To call 'Chhello Show' simple would be somewhat of an understatement. Conspicuous by their absence are modern cinematography techniques — there are no steadicam movements, crane shots or drone footage. What you see is good old camerawork. That was a conscious choice, apparently.
"We wanted to be organic and authentic," says Nalin, "We made decisions in cinematography and sound editing to ensure that we hear was all natural — we spent months recording natural sounds." He adds: "Our camera moves needed to answer the question of whose point of view we are looking through. There is so much pointless (camera) movement these days that we've forgotten the grammar of cinematographic language. It's as if we are writing literature and using complicated words to communicate something so simple."
In fact, near-religious adherences to classical camerawork see 'Chhello Show' display near-zero camera movement. Whatever movement the camera displays is often compelled by what Nalin calls "a moral decision" whose very existence must have a reason. In fact, he takes this rusticity a step further by using old film lenses on a modern ALEXA digital camera. The result is a series of out-of-focus shots that make you wonder if there's been an incident in the projector room before you realize that projectors don't even exist anymore, and it's all intentional. "We didn’t want to conform to the idea of shooting the movie in 8k imagery," Nalin says, "When our world is imperfect, why should our images be perfect?"
Pan Nalin Pan Nalin
In going back to a simpler filmmaking style, the film delivers on aesthetics. Minimal camera movements mean you appreciate each frame of the film as a painting in itself, as you watch the protagonist fall more and more in love with film. Light is an ever-present character through 'Chhello Show', as it accompanies poetic frames of Samay playing with film, serving as the backdrop of this love story between boy and film.

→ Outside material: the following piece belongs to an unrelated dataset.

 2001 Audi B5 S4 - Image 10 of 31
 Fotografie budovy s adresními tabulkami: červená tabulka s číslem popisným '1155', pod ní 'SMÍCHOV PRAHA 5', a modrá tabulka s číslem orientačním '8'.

Nalin's choice of using back-light to illuminate his frames is a glowing tribute to the style of filmmakers like Emmanuel Lubezki. The tributes don't end there. Top-angle shots of delicious Gujarati food have a smacking of Quentin Tarantino; the choice to use 'Also Sprach Zarathustra' as a musical score is a nod to his love for Kubrick who uses it in '2001: A Space Odyssey'; while an entire sequence of children on bicycles is a tribute to Steven Spielberg’s iconic climax in the film, 'ET'.
At its very core, 'Chhello Show' is a lamentation of the loss of classical film to digital cinema. Without giving away much, this transition is portrayed in a manner that aptly portrays how Nalin feels about the "violent" metamorphosis.
"I’m not against digitization of cinema — we all have to embrace the change," he says, "But when artists create, we deserve the right to choose the format we want to shoot in. The way classical film violently went away, however, is reflective of our loss. There are so many of our films that don’t have negatives unlike in countries like the US and Japan, where they are preserved."
As India's official entry to the Oscars in 2023, 'Chhello Show' will be reviewed by a jury at the Academy of Motion Picture Arts and Sciences. If it does win, the film will be the first from India to win the Oscar for Best International Feature. For the love of classical cinema and a beautifully made film on love, nostalgia and loss, we hope it does.